Гутионтов приходил обычно в Бернардинский сад или, как он его величал, парк ненужных евреев, вторым. Пока его нет, можно предаться воспоминаниям. Только подними голову, только зарой ее в крону липы, и они потекут невесть откуда, как весенние ручьи.
Чаще всего Ицхак почему-то вспоминал не родительский дом, не отца Довида, знаменитого на всю округу сапожника, не мать Рахель, торговавшую пухом и пером, не братьев Айзика и Гилеля, да будет память их благословенна, а реку, полноводную, кишащую тайнами, как мальками, ее темно-зеленый окрас, ее изогнутые берега, на которых паслись ленивые коровы с печальными вдовьими глазами, заглянешь – а в них, словно на дне Вилии, плавают причудливые рыбы и колышутся диковинные водоросли.
Ицхак любил смотреть на коров, следить за тем, как они спускаются к водопою, медленно и жадно пьют бессмертную воду и сами, казалось, обретают бессмертие. Закончат свой земной круг отец и мать, умрет он, Ицхак, уйдут в небытие братья Айзик и Гилель, а эти большеголовые, большеглазые животные с поступью древних цариц, торжественной и величавой, пребудут вечно – до скончания дней топтать и топтать им сочную прибрежную траву, поворачивать тяжелую голову, как унизанную жемчугом корону, к закатному солнцу. И так же до скончания дней с их влажных и непроницаемых морд будет стекать утепленная дыханием струйка.
С тех давних пор она, эта струйка, втекает в его, Ицхака, душу. Втекает и сейчас, когда в Бернардинском саду, в парке забытых Богом евреев, он ждет своих собутыльников, тех, с кем целыми днями под сенью дружелюбных и терпеливых лип пьет самый сладкий и самый горький напиток на свете – воспоминания. Воспоминания о раввинах и служках, коровах и лошадях, о речной воде и березовых рощах. О временах, когда и он был бессмертен, как то стадо, как та река, как то солнце над ней.
В наспех вырытых окопах под Алексеевкой и Прохоровкой перед его, Ицхака, заметенными порошей безысходности глазами сверкала эта стекающая с коровьих морд струйка. Он припадал к ней искореженным жаждой ртом и втягивал пересохшими губами каплю за каплей. Но – о, чудо! – вода не убывала, не иссякала, не кончалась.

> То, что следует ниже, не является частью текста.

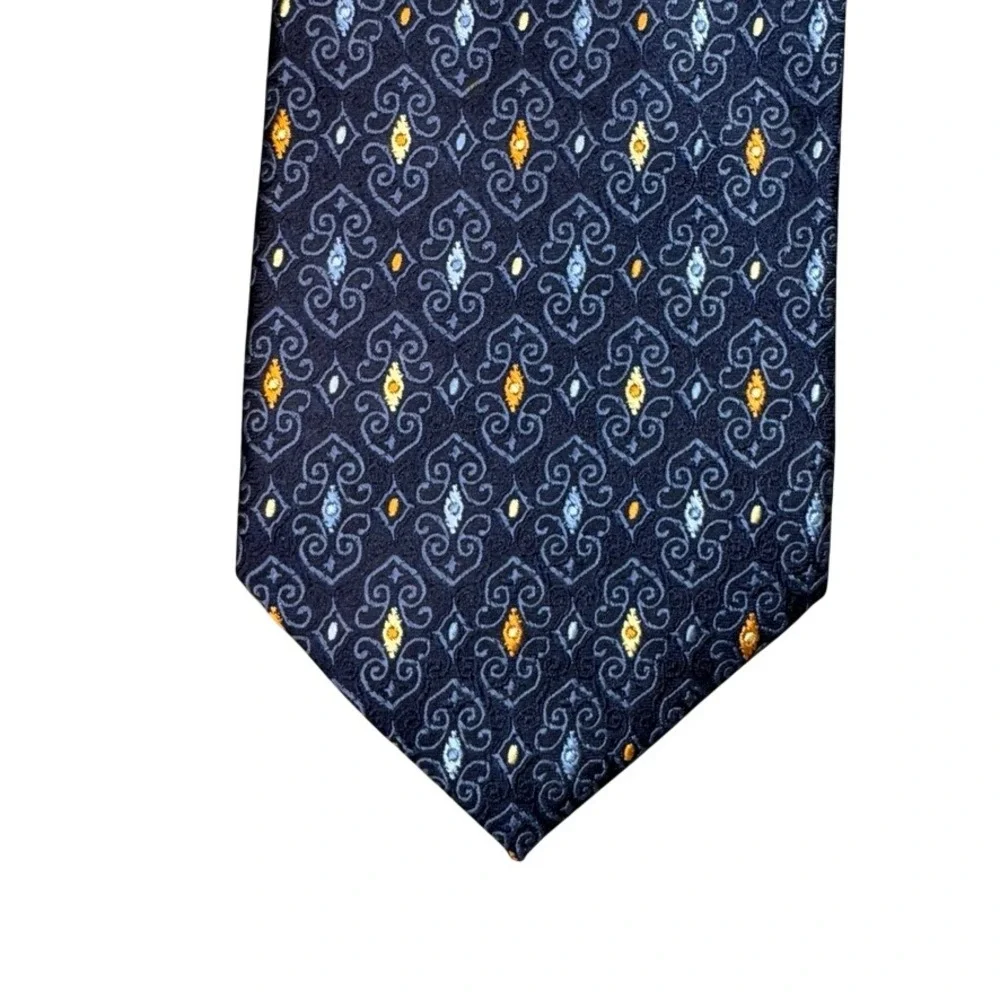 Jos. A. Bank Signature Collection Blue Gold Medallion 100% Silk Tie Handsewn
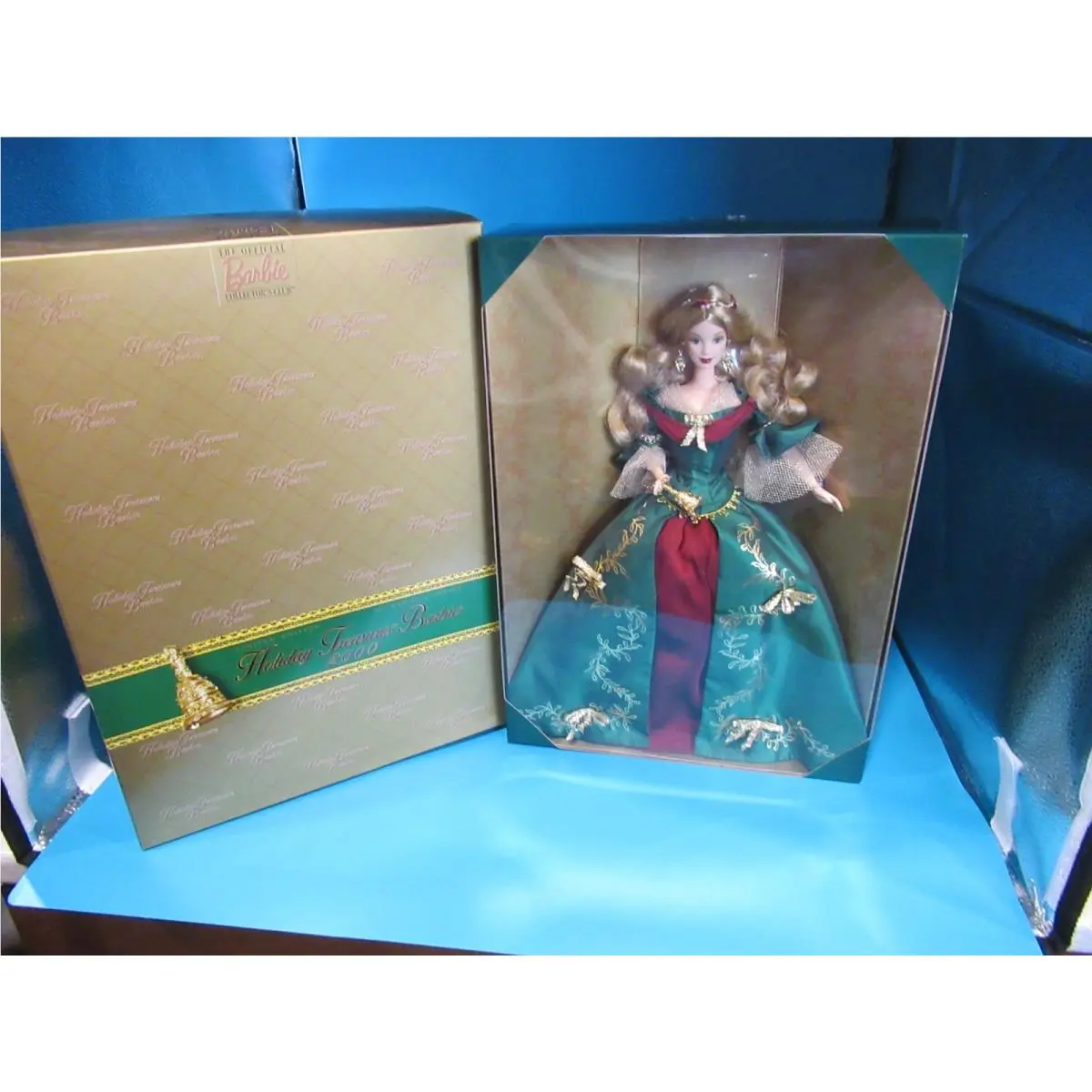 Holiday Treasures Barbie 2000 Limited Edition 27673 2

Как странно, поймал себя на мысли Ицхак, отсюда, от Бернардинского сада, где они собираются на пятачке под липами, до той же Вилии было не более полверсты, но это была другая река, то была не та Вилия, которая протекала через его память, через каждое из восьмидесяти пяти его несчастий. У этой реки, до которой было рукой подать, был другой окрас, другой голос, она не кишела теми тайнами, которые сводили его в детстве с ума и из-за которых он дважды чуть не утонул.
Ицхак то и дело оглядывался по сторонам, но Натана Гутионтова нигде не было видно. По правде говоря, Малкин не жалел, что друг запаздывает. Он наслаждался одиночеством. Ему хотелось все больше и больше хмелеть. Хмель разливался по его телу, туманил глаза, усыплял. Еще миг – и Ицхак уснет, приснится какой-нибудь сон – берег той Вилии, коровы, солнце, шмели.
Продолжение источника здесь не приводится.